Но он не слушал меня.
— Да ведь я, я тоже живу в России, я тоже русский! И никто меня никогда не убедит, что я рожден для скотской жизни! Ну почему я, одаренный в той же степени собственным разумом, волею, чувствами, должен подчинять и тело мое, и душу произволу другого существа, отличающегося от меня только властью? Вы, я, тысячи людей в России готовы хоть с завтрашнего дня начать человеческую жизнь. Нас держат здесь всех в мешке.
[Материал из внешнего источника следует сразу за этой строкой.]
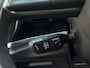 Audi Q3 35 TFSI * Matrix Led * Carplay * Adaptieve Cruise control
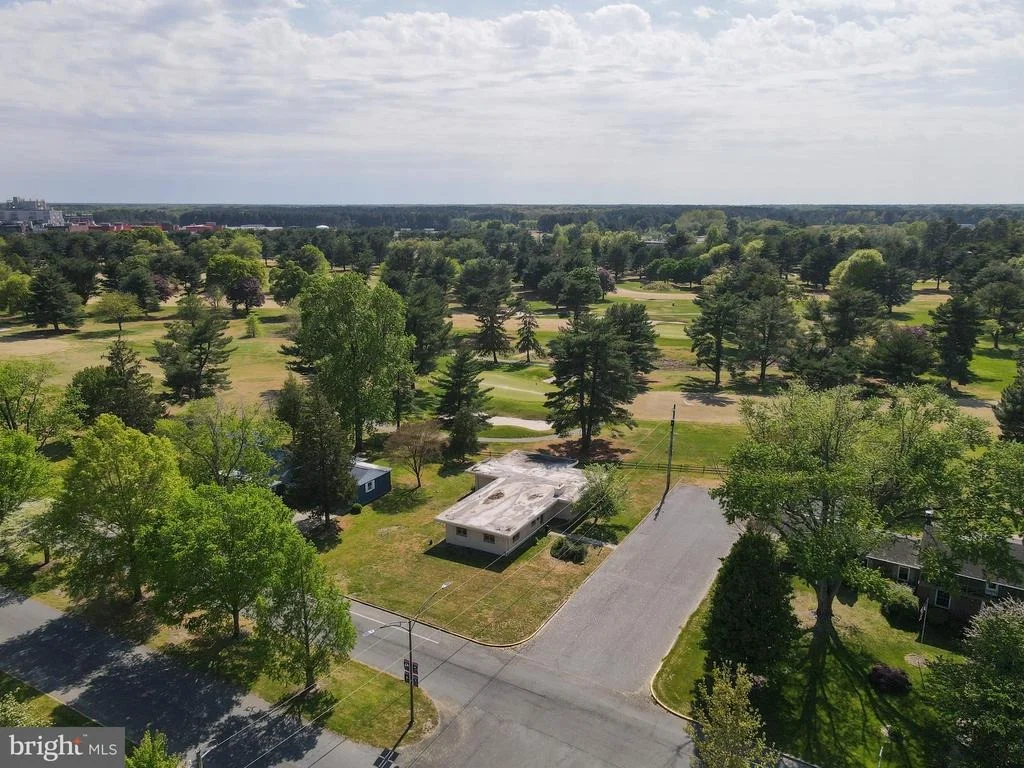 Photo of 308 NYLON BOULEVARD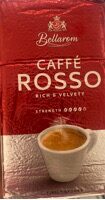 Kafa u vakuum pakovanju Rosso MK12 250g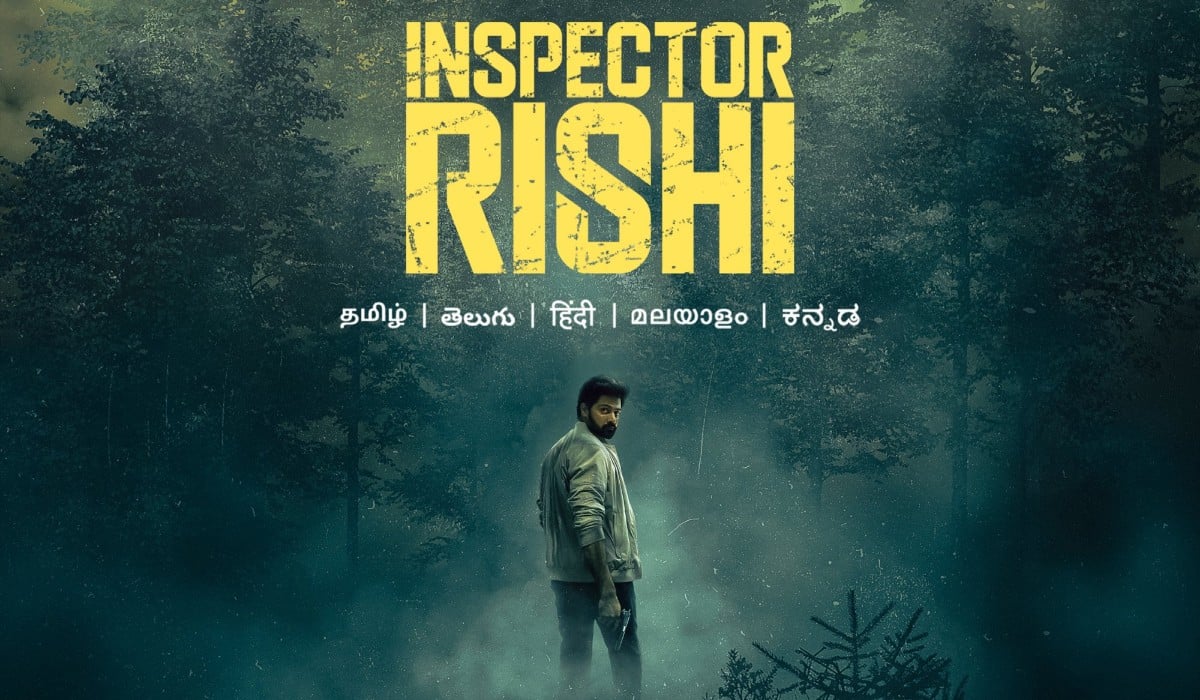 https://www.mobilemasala.com/movies/Inspector-Rishi-OTT-release-date-out-When-where-to-watch-Naveen-Chandras-horror-crime-drama-i223570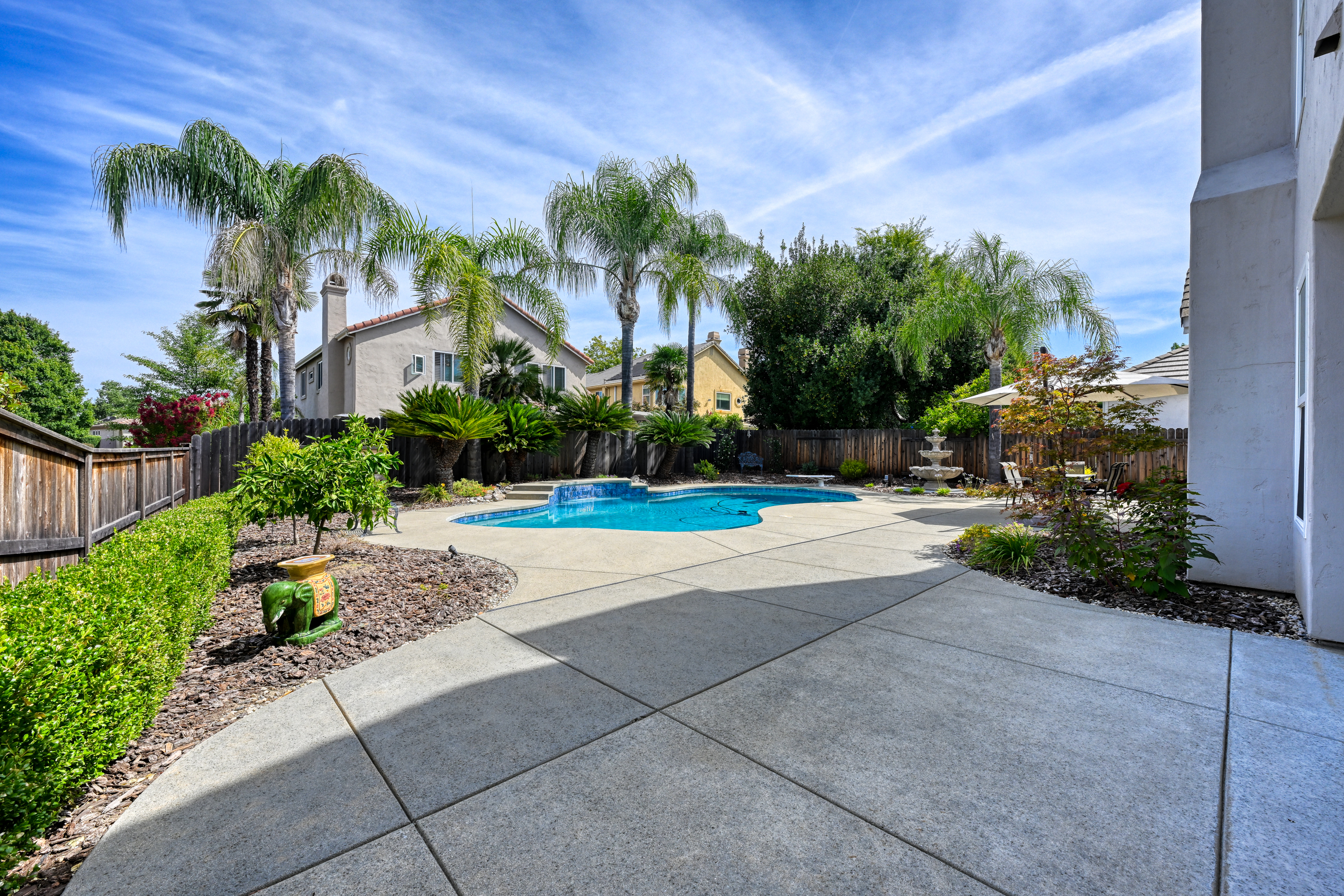  2007 Blackheath Lane, Roseville, CA 95678 - 物件實景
Эта шайка безнаказанно душит нас, а мы только мычим, потому что не верим в собственные силы. В России достаточно образованных, честных, совестливых людей, которые не могут мириться с произволом, пусть даже это будет стоить им жизни. Вспомните 14 декабря. На каторгу пошли сотни, а в России их тысячи. В конце концов, в России есть общество. Оно безгласно, оно парализовано страхом, но надо только начать! Если телегу не толкать, она и не поедет.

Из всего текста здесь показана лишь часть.